Clint Eastwood, para el que no lo sepa, es de derechas. Mucho. El excepcional actor, director y productor forma parte del ala más conservadora del Partido Republicano de Estados Unidos. De hecho, en los 80 fue alcalde de su pueblo californiano, Carmel, con este partido. Y no hay más que revisar sus declaraciones sobre la sociedad actual y sobre Donald Trump. Sus mensajes de apoyo a este fueron una de las notas más discordantes dentro del tradicional izquierdismo hollywoodiense.

Eastwood, el artista ambidextro

Sin embargo, si se estudia su trayectoria como director se observa algo cuanto menos curioso. Sus películas son mucho más de izquierdas que él mismo. Bien es cierto que no se trata de un cine de denuncia tipo Fernando León de Aranoa o Ken Loach, pero sus obran reflejan una inquietud hacia los temas sociales bastante poco propios de alguien de su ideología. Salvo quizá sus primeras obras, más de entretenimiento como El Sargento de hierro (1986), y sus últimas, desde Gran Torino (2008) hasta ahora.

Bien es cierto que estos dos tramos de su filmografía son de una calidad muy inferior al resto. En esta última etapa, su trayectoria ha estado jalonada con películas más conservadoras como J. Edgar (2011) o El Francotirador (2014). Se conoce que, como a todo el mundo le pasa, se ha debido de radicalizar con la edad.

Clint Eastwood El sargento de hierro

No parece que El sargento de hierro pertenezca a la etapa izquierdista de Clint || Fuente: Youtube

No obstante, a lo largo de los 80, 90 y 2000 se puede observar una evolución en su pensamiento, quizá de desengaño hacia el llamado sueño americano y el american way of life. Empezando por El jinete pálido (1985), en la que el protagonista ejerce una implacable defensa del pequeño y mediano empresario frente al gran tiburón que posee el monopolio de las explotaciones mineras. Y terminando con la propia Gran Torino, que empieza como una comedia sobre la vejez de un posible Harry El Sucio y acaba a modo de fábula sobre la aceptación del diferente y la amistad como valor supremo.

El ideario de Trump punto por punto, vamos.

El progresivo giro a la izquierda de Harry el Sucio

Se pueden poner muchos ejemplos de esta evolución. Como muestra tenemos Cazador blanco, corazón negro (1990), donde expone una velada crítica al colonialismo y sus consecuencias. O cómo en Los puentes de Madison (1995) aboga por encontrar la felicidad pese a que eso pueda romper el modelo tradicional de familia. O el feroz discurso contra la pena de muerte que es Ejecución inminente (1999), por otra parte obra bastante menor del cineasta californiano. Por no hablar de cómo pone en solfa en Mystic River (2003) a importantes estamentos de la sociedad americana como la familia, la Policía y la Iglesia.

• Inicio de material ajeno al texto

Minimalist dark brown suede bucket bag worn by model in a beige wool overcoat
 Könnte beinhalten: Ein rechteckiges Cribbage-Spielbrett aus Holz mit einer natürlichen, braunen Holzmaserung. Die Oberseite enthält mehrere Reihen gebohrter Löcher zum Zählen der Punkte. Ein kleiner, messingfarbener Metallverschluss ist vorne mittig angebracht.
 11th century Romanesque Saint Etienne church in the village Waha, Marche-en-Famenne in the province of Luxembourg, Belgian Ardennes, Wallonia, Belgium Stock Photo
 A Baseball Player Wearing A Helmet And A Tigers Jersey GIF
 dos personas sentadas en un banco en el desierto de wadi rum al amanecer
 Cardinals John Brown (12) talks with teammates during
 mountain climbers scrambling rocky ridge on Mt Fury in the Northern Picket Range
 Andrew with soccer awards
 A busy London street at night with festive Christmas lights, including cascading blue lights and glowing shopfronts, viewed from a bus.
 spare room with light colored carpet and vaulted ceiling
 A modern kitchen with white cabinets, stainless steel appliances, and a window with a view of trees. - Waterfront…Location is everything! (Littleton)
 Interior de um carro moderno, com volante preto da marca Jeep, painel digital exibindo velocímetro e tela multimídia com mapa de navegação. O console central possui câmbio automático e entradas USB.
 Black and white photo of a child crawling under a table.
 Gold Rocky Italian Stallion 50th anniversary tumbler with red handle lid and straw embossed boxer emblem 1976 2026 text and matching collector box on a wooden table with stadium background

Se podrían dedicar páginas y páginas a hablar de este tema, pero es mejor terminar con tres de sus obras más significativas: Sin perdón (1992), Million Dollar Baby (2004) y su díptico sobre la batalla de Iwo Jima de 2006, Banderas de nuestros padres y Cartas desde Iwo Jima.

Gene Hackman Clint Eastwood Sin perdón

Gene Hackman, la autoridad «competente» en Sin perdón || Fuente: Youtube

En la primera, obra maestra absoluta por otra parte, Eastwood trata de la justicia inherente que hay en defender al débil, en este caso unas prostitutas apaleadas. Y lo hace a costa de enfrentarse a la autoridad, representada por el brutal sheriff interpretado por Gene Hackman. En su doblete americano-japonés intenta hablar, en su parte japonesa, acerca de la inutilidad de la disciplina militar extrema. Y en el reverso americano hace pensar sobre lo poco que le queda a un soldado después de dejarse los huevos por su país, al modo del clásico Los mejores años de nuestra vida (1946) del maestro William Wyler.

Por último, ¡qué decir de Million Dollar Baby! Se trata de uno de los alegatos más poderosos —y hermosos— a favor de la eutanasia y la muerte digna que se han hecho en el cine, se esté de acuerdo o no. Y lo hace desde una perspectiva cristiana, como un acto de piedad y de amor hacia el enfermo y no como un acto de defensa de la libertad personal. No parece probable que el Partido Republicano le felicitara por esta película.

Million Dollar Baby Clint Eastwood

La piedad, y la duda, en un sólo encuadre de Million Dollar Baby || Fuente: Youtube

Como se puede ver, hay demasiadas contradicciones derivadas del ambidextrismo de Clint Eastwood. No se sabe qué se puede esperar de sus próximos proyectos. Como mínimo, que hagan que su carrera levante el vuelo.